Population (2011 )Estimate
- • Total: 5,000
- Time zone: +2
- Climate: Cwa

= Chilumba =

Settlement in Malawi

Chilumba is a town in Malawi. It is an urban centre in Karonga District.

==Location==
Chilumba is located along the western shores of Lake Malawi, at the southern end of Karonga District, in the Northern Region of Malawi. This location is approximately 73 km, by road, south-east of the town of Karonga, where the district headquarters are located. Chilumba is located approximately 154 km, by road, north of the city of Mzuzu, the headquarters of Malawi's Northern Region. The geographical coordinates of Chilumba are:10°26'15.0"S, 34°14'51.0"E (Latitude:-10.437500; Longitude:34.247500). The own sits at an average elevation of 487 m, above mean sea level.

==Population==
In 2011, the population of Chilumba was estimated at about 5,000 people.

==Overview==
The section of lake facing Chilumba is called Chilumba Bay.
The MV Ilala a steamboat, which connects the main settlements on Lake Malawi, has Chilumba as its northernmost stop. Once it has reached Chilumba, it starts its travel back to its base in Lusumbwe in the Southern Region of Malawi.
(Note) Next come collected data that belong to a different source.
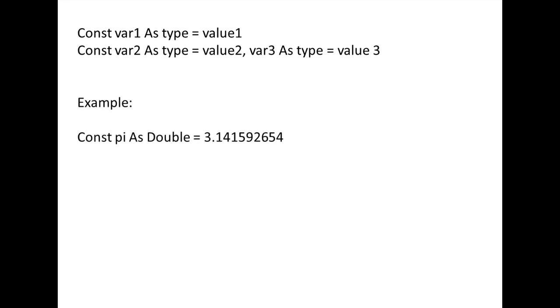Let's say we want to make a constant double variable named pi. In order to do that, we would type const pi as double equals 3.141592654.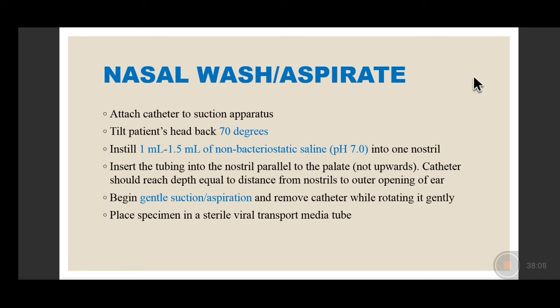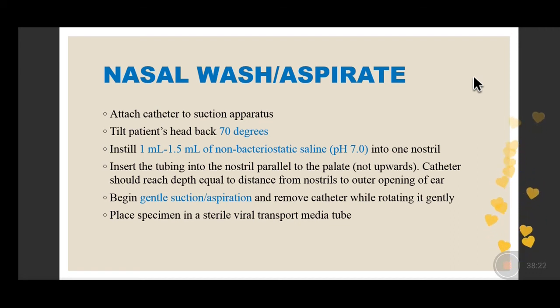Nasal wash is done by attaching a catheter to a suction apparatus with the patient's head at 30 to 70 degrees. Install 1 to 1.5 ml of normal saline, then insert the tubing into the nostril parallel to the palate to a distance equal to the outer opening of the ear. After instilling normal saline, gently aspirate or suction and collect the aspirate in a sterile vial.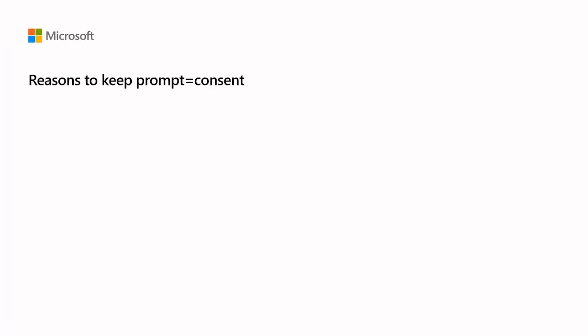However, the following are a couple of scenarios where we have seen developers deliberately make the prompt show up. The developer wants to inform the user about the permissions.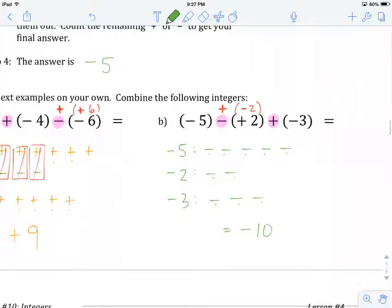And that's the end of the lesson on combining integers using both addition and subtraction. Hopefully this is working out for you and you're feeling good about it. Good luck on your worksheet and good luck in the rest of the unit.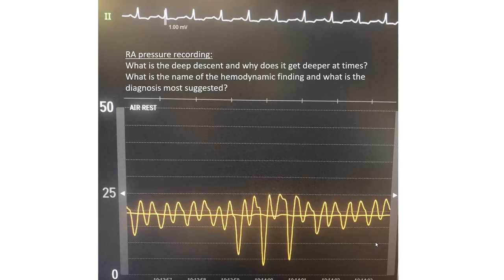And why does this happen? During inspiration, you have increased venous return to the right heart, which causes a propensity for the V wave to rise and the Y to become deeper. The bigger the V, the deeper the descent in early diastole via the Y descent. The V wave may not rise dramatically because the direct effect of negative thoracic pressure gets superimposed on that rising V wave, preventing it from rising in absolute value. But you will get a deep Y descent.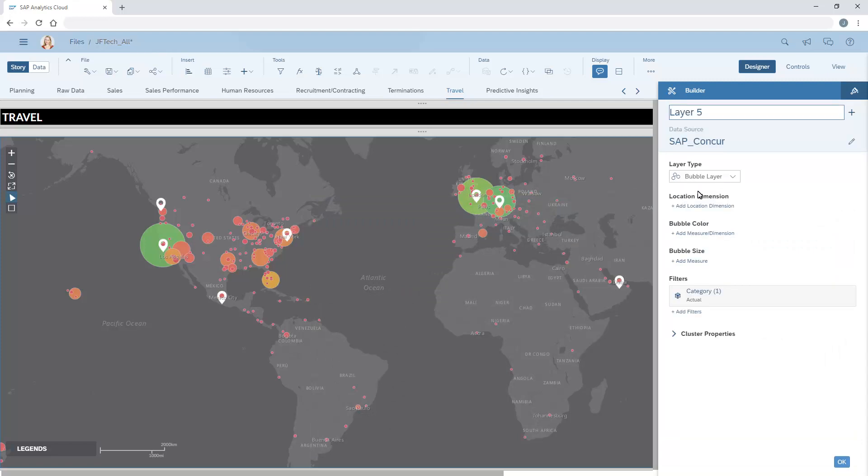In this example, we'll display flight paths between origin and destination airports. First, we'll give the layer a name.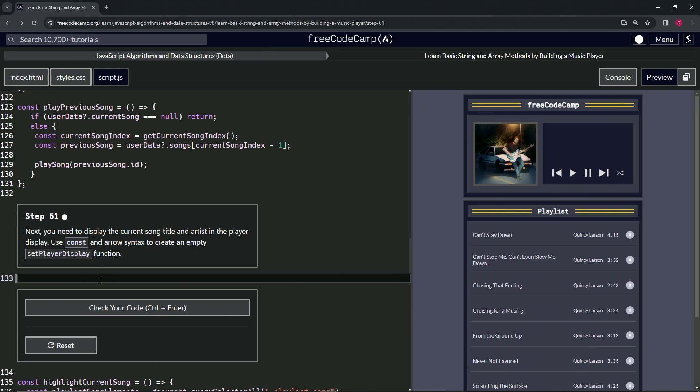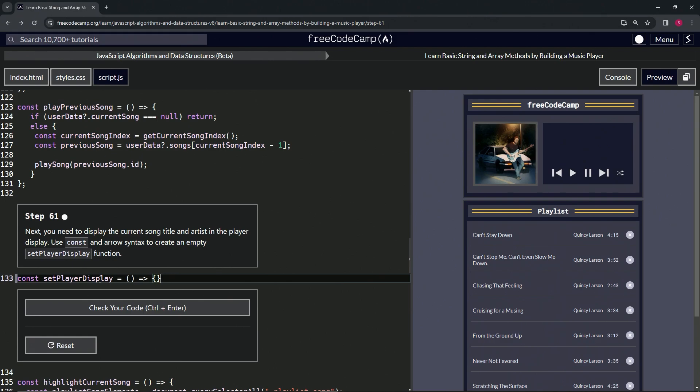Just like usual, we'll do const setPlayerDisplay, then have that equal a set of empty parentheses, then the arrow after that, then an empty object, and finish it off with a semicolon.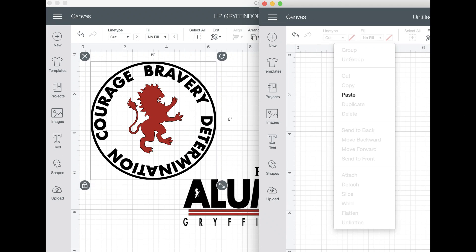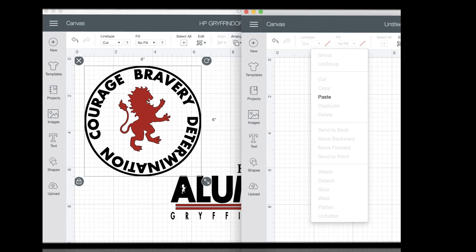Hi everyone. This is a quick video to show you how you can copy your work from one project to another in the Design Space desktop app. You need to have version 6.014 or higher for this to work. So let's see how this is done.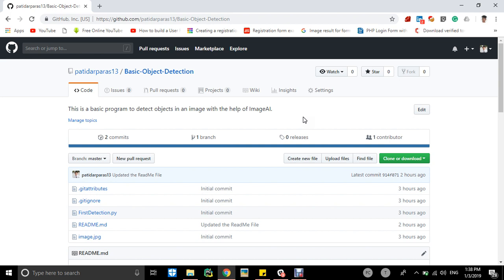Hey everyone, this is MLAID. Today we will be making a program on object detection. We will be using a basic program, so basically what our program will do is we will be giving an image, then it will detect objects in that image.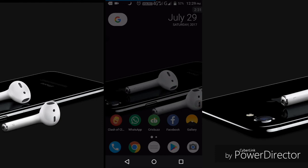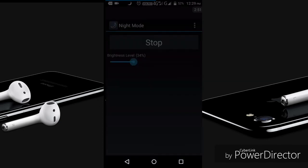We are going to see the date of the night mode. We are going to be loading in the night mode, we are going to be able to use the night mode. With this application, we will be able to use the Android phone and use the device. Please check this application.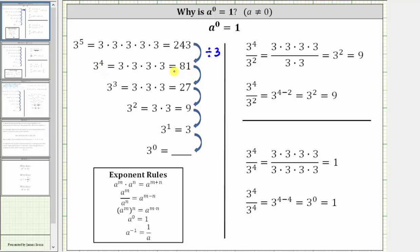Similarly, to determine the value of three cubed, we can divide 81 by three, because three cubed has one less factor of three than three to the fourth. 81 divided by three equals 27, which equals three cubed. Continuing, 27 divided by three is equal to nine, which gives us the value of three squared. Nine divided by three is equal to three, which gives us the value of three to the first.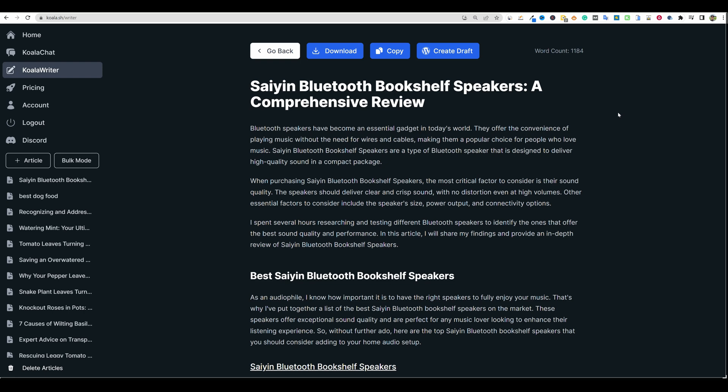All right, welcome back to LearnWire. Before we jump into the video, I want to make sure you guys are aware that we are doing a drawing or a giveaway this week. Every Monday in the month of May, I reveal a new winner.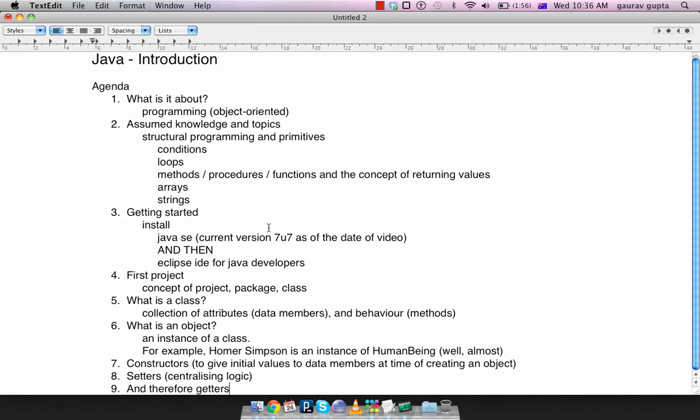Hi everyone, this is Gaurav Gupta and this is the first in a series of videos that I intend to record aimed at teaching undergrad students or anyone who wants to learn the object-oriented features of Java. I'm going to try and make the video and the description as simple as possible. First I'll go through the agenda for the first video. First of all, what's it about? It's about programming and more specifically object-oriented programming.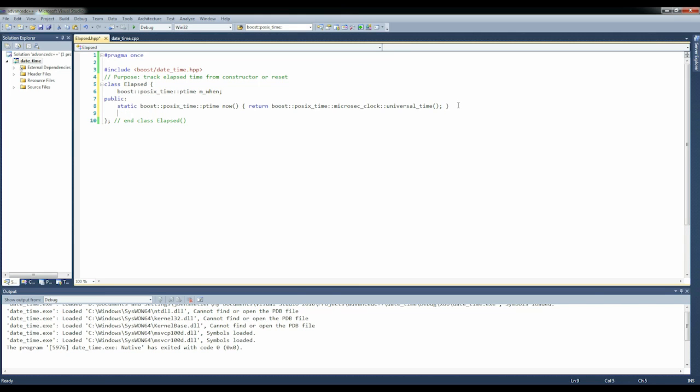And we're going to use that in the constructor elapsed, and we're going to say m_when constructed with now.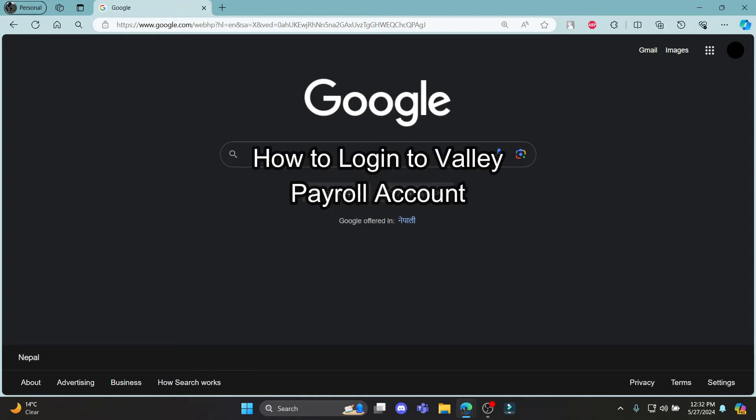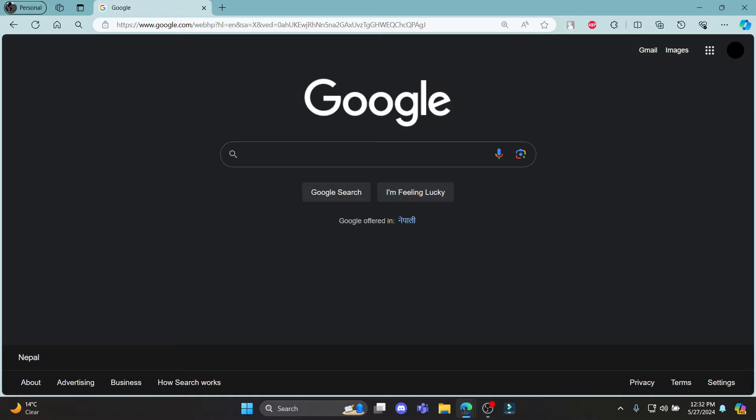Do you want to know how you can login to your Valley Payroll account? If yes, then this video is for you.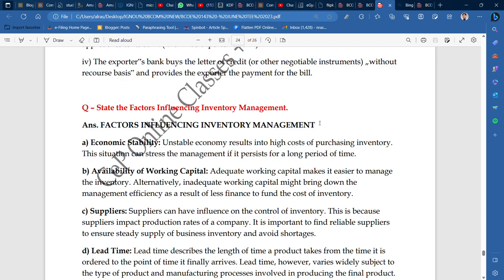So I will start the lecture. Factors influencing inventory management. The first one is economic stability. An unstable economy results in a high cost of purchasing inventory. This situation can stress the management if it persists for a long period of time.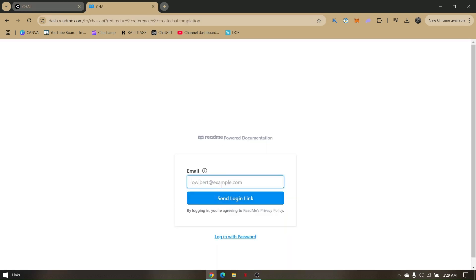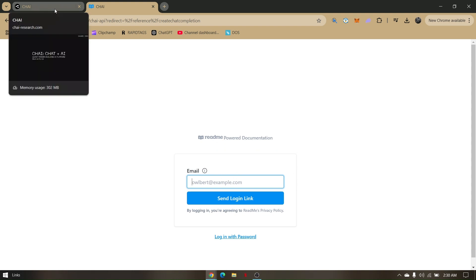Once you enter your email address, click on the link that says Send Log In Link. Then access the email address you entered and you will receive the official link to log in with Chai AI. That's the most convenient way to log in to your Chai AI account.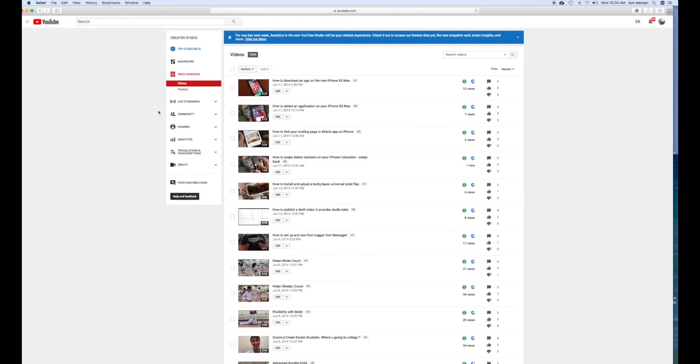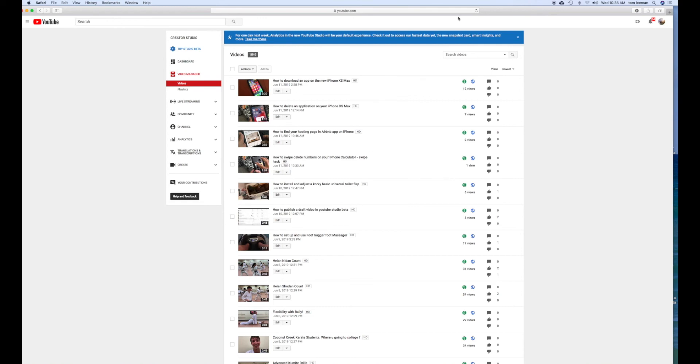If you like this video, please subscribe to my channel and check out my other awesome videos on how to use YouTube Creator Studio Classic and Studio Beta, which is going to be the new system very soon. So you're going to have to get used to it. All right. Thanks a lot. I'll see you next video. Bye.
Heterogeneity in landscape gives Chilumba a unique environment for diversification of recreation and production activities. From the lake side, it is one of the unique places with Chirwa Island and Chitende Island, that host several species of plants, birds and fishes. The Islands are used by fishermen as temporary docking points.

The peninsula facing Chirwa is a typical feature with rocky shore with deep waters potentially suitable for rock diving. The bay facing the jetty has shallow waters for docking boats and potential for shallow water walking to 50m then swim into deep waters facing the Chitende Peninsula and Mphiri hills. West of the peninsula lies a 3 km stretch of pure sand beach. The sand extends upland a distance of about 1 km and magnificently looks like a desert of dark sand separated by two swamps. The upper land away from the lake is prime agricultural land used during the 1980s to early 1990s as a maize seed production diversification scheme. Behind lies a natural boundary of forest reserve that extends to the lake through Mphiri hills to the north, ideal for horse riding.